* Exercise *
Transcribe the whole listing below. Pictures do not go in the copy.
=== Section Start ===
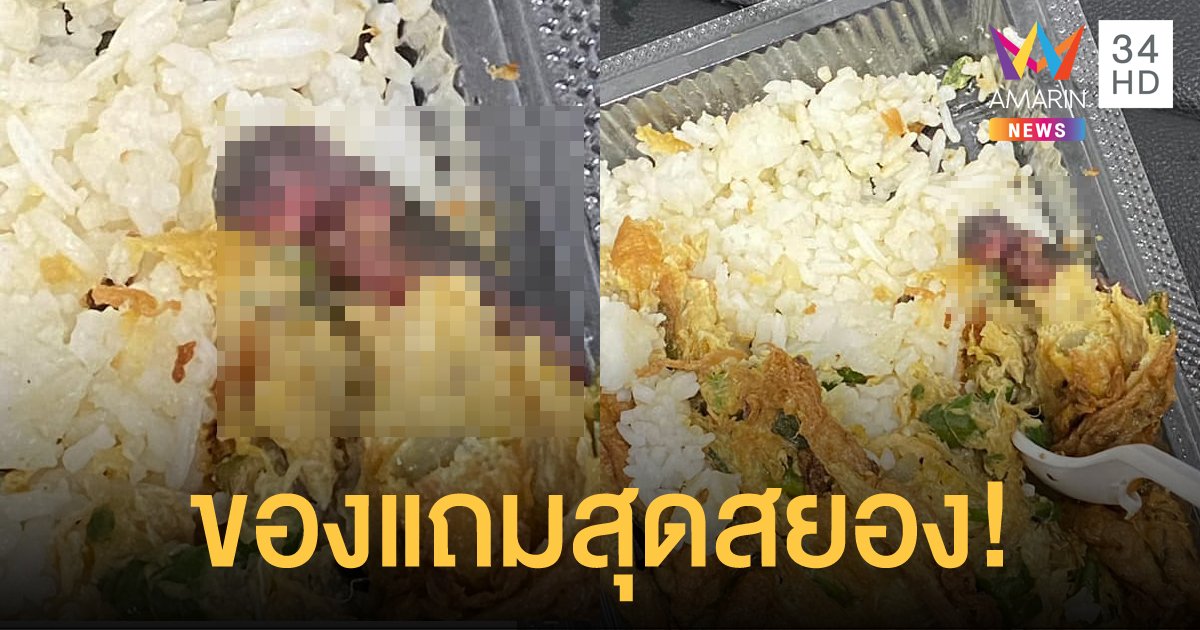 อวสานอาหารเย็น สาวสุดช็อก เจอข้าวไข่เจียวแถมโปรตีนสุดสยอง!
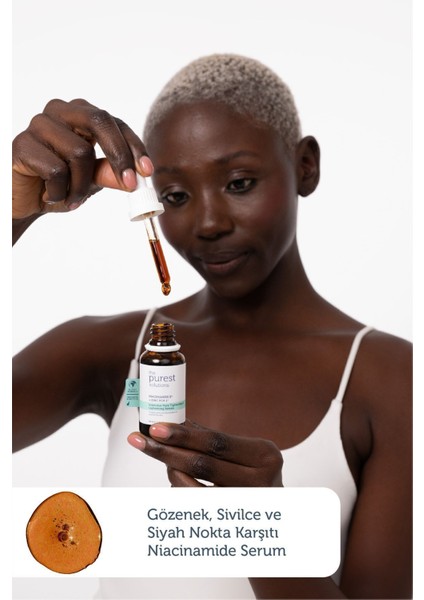 Karma Ciltler İçin AHA Peeling ve Niacinamide Serumlu Cilt Bakım Seti - 2'li Paket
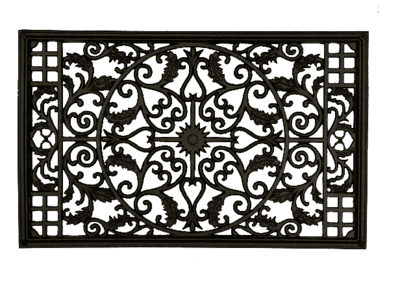 Fence & Gate Black Cast Aluminum Inserts-Big-Rectangle Fence & Gate Black Cast Aluminum Inserts-Big-Rectangle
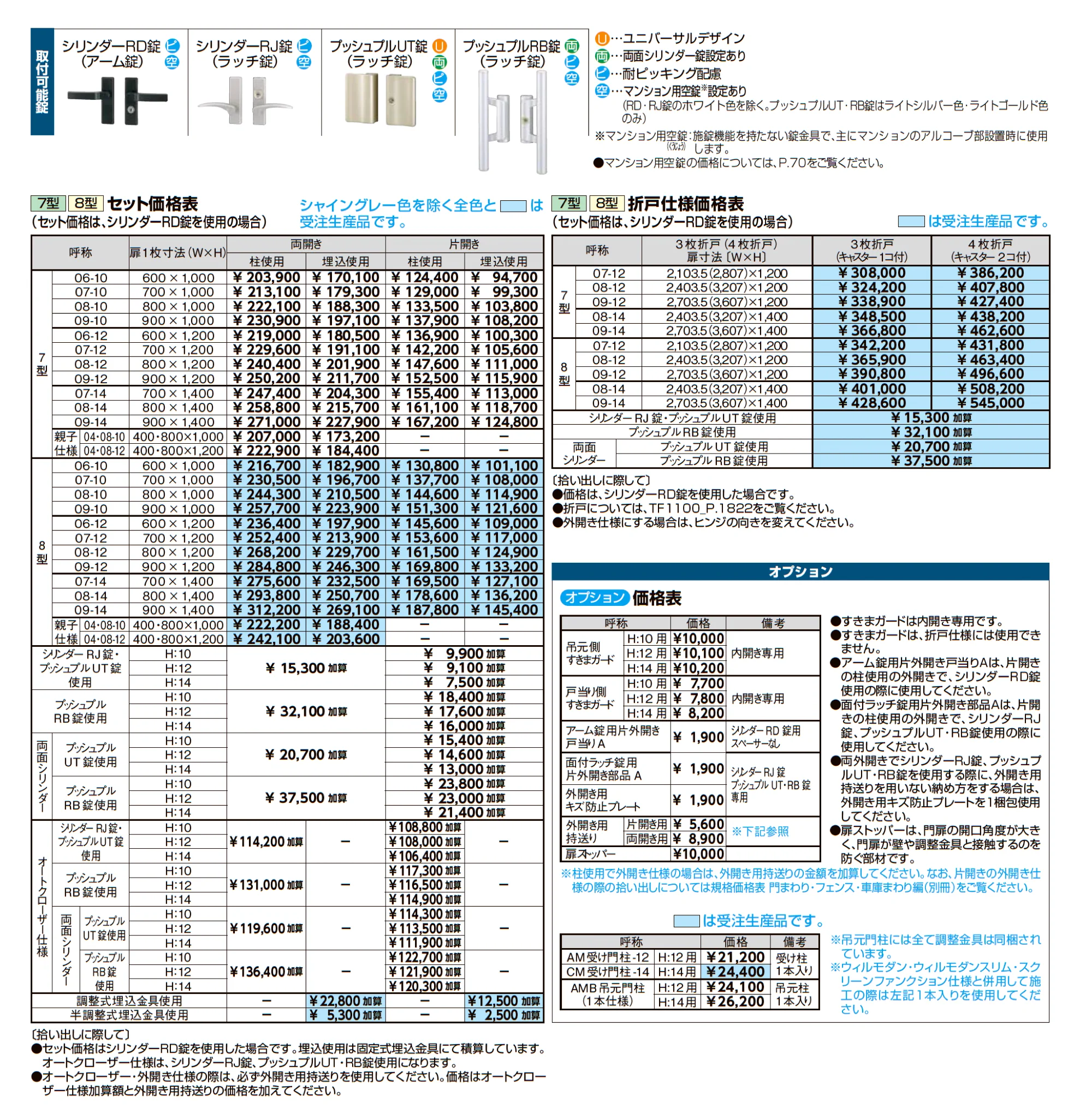 ライシス門扉 8型_価格_2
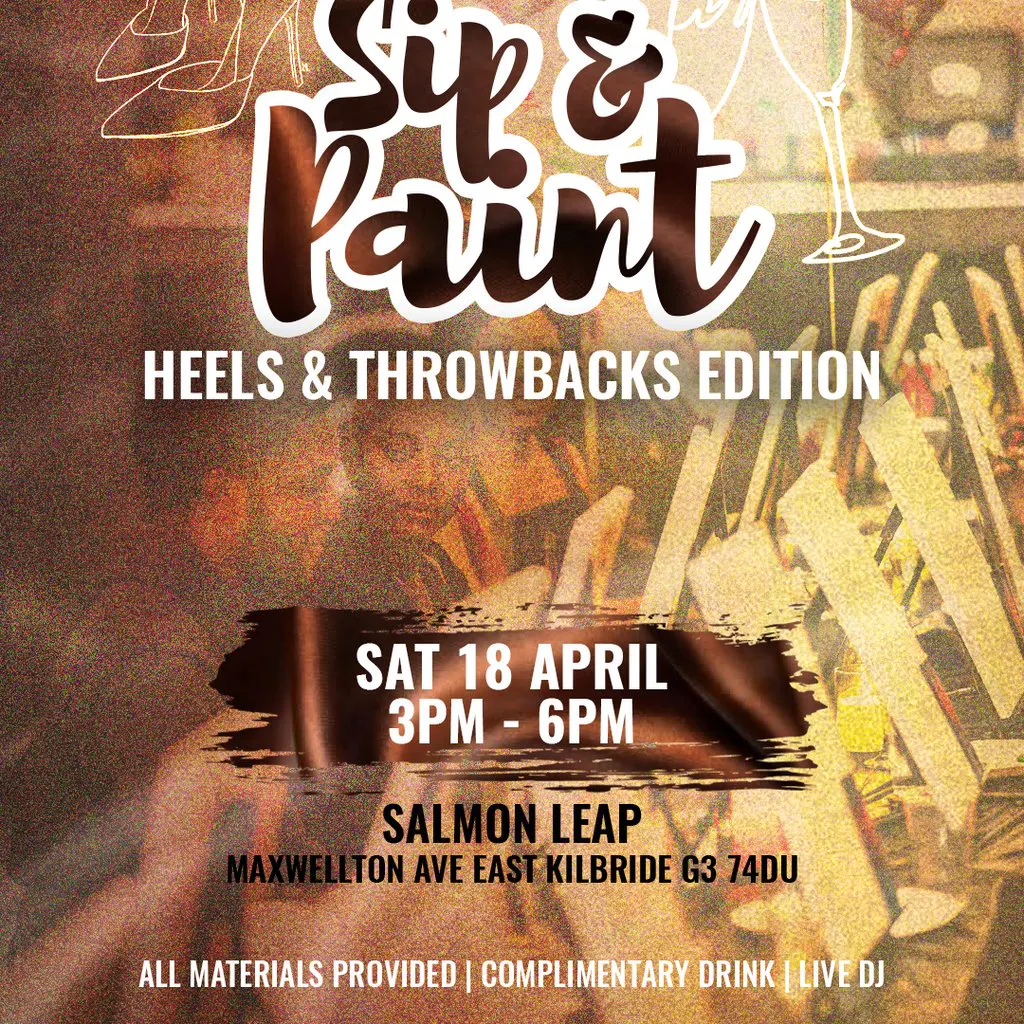 Sip & Paint: Heels & Throwback Edition at The Salmon Leap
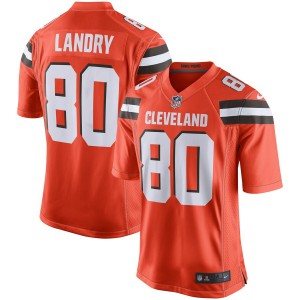 Maillot de football Nike Orange Player pour hommes Cleveland Browns Jarvis Landry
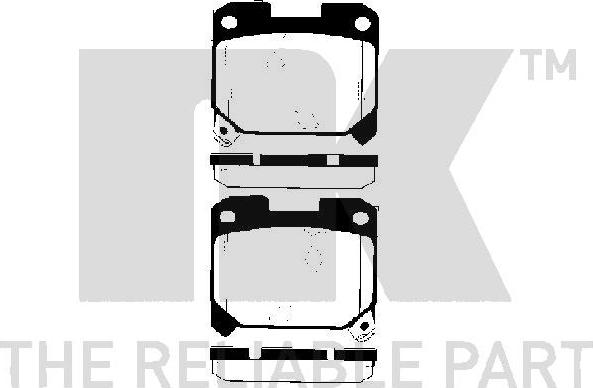 NK 224541 - Bremsbelagsatz, Scheibenbremse alexcarstop-ersatzteile.com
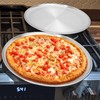 Kevenal Stainless Steel Pizza Pans 12 inch, Pizza-Pan for Oven,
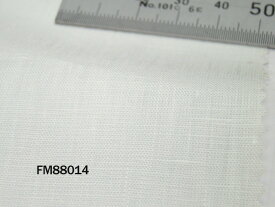 オリジナルオーダーシャツ●FM88014THOMAS MASON社製 Italy Fabrics白無地　麻（リネン）100%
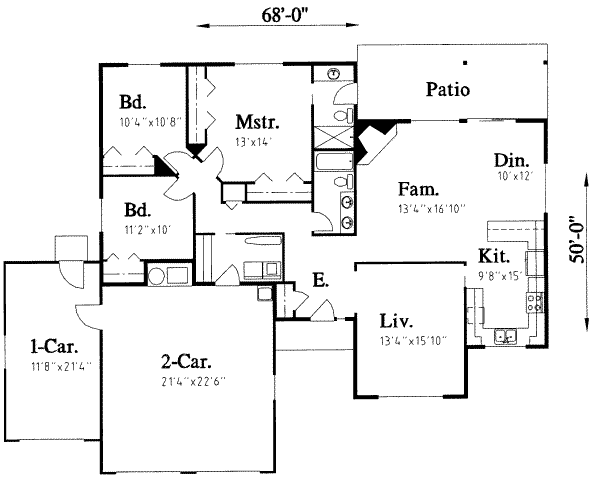 main floor house blueprint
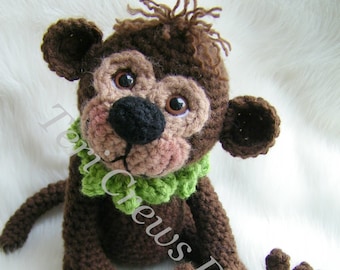 Simply Sweet Monkey Crochet Pattern by Teri Crews Instant Download Digital PDF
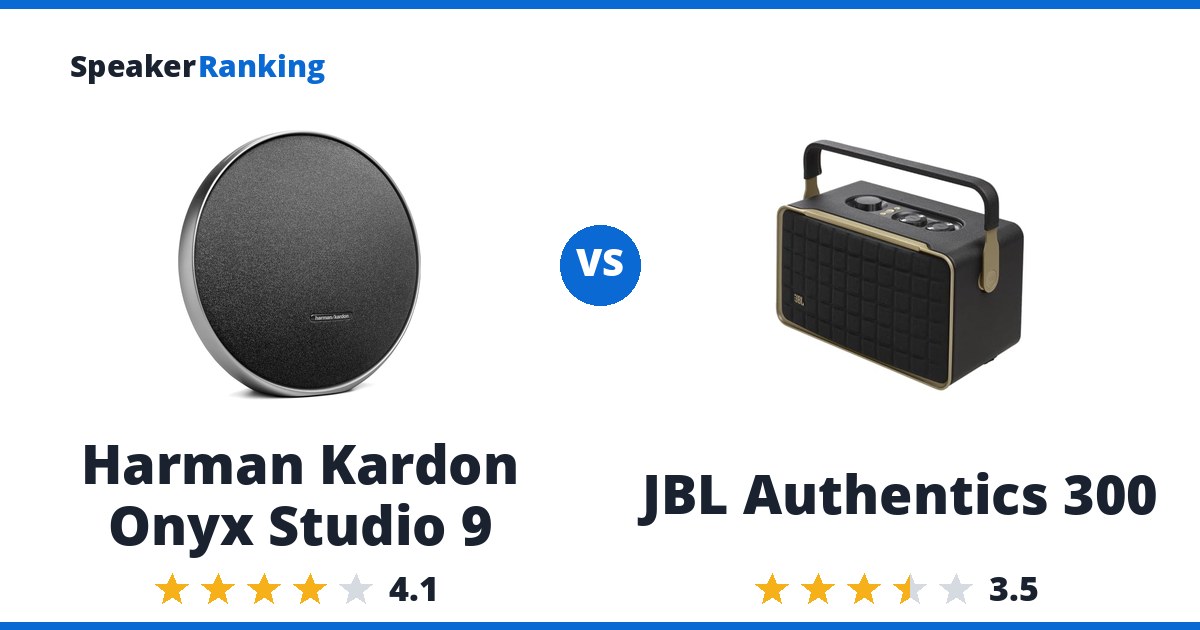 Harman Kardon Onyx Studio 9 vs JBL Authentics 300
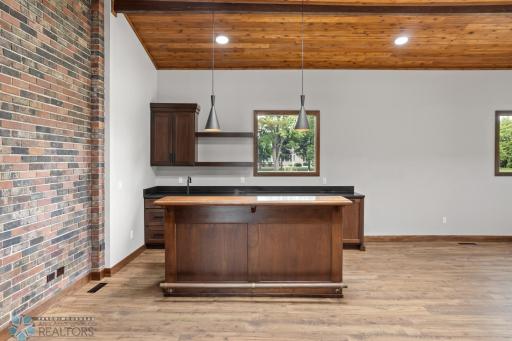 Custom wet bar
=== Section End ===
* Response *
 อวสานอาหารเย็น สาวสุดช็อก เจอข้าวไข่เจียวแถมโปรตีนสุดสยอง!
 Karma Ciltler İçin AHA Peeling ve Niacinamide Serumlu Cilt Bakım Seti - 2'li Paket
 Fence & Gate Black Cast Aluminum Inserts-Big-Rectangle Fence & Gate Black Cast Aluminum Inserts-Big-Rectangle
 ライシス門扉 8型_価格_2
 Sip & Paint: Heels & Throwback Edition at The Salmon Leap
 Maillot de football Nike Orange Player pour hommes Cleveland Browns Jarvis Landry
 NK 224541 - Bremsbelagsatz, Scheibenbremse alexcarstop-ersatzteile.com
 Kevenal Stainless Steel Pizza Pans 12 inch, Pizza-Pan for Oven,
 オリジナルオーダーシャツ●FM88014THOMAS MASON社製 Italy Fabrics白無地　麻（リネン）100%
 main floor house blueprint
 Simply Sweet Monkey Crochet Pattern by Teri Crews Instant Download Digital PDF
 Harman Kardon Onyx Studio 9 vs JBL Authentics 300
 Custom wet bar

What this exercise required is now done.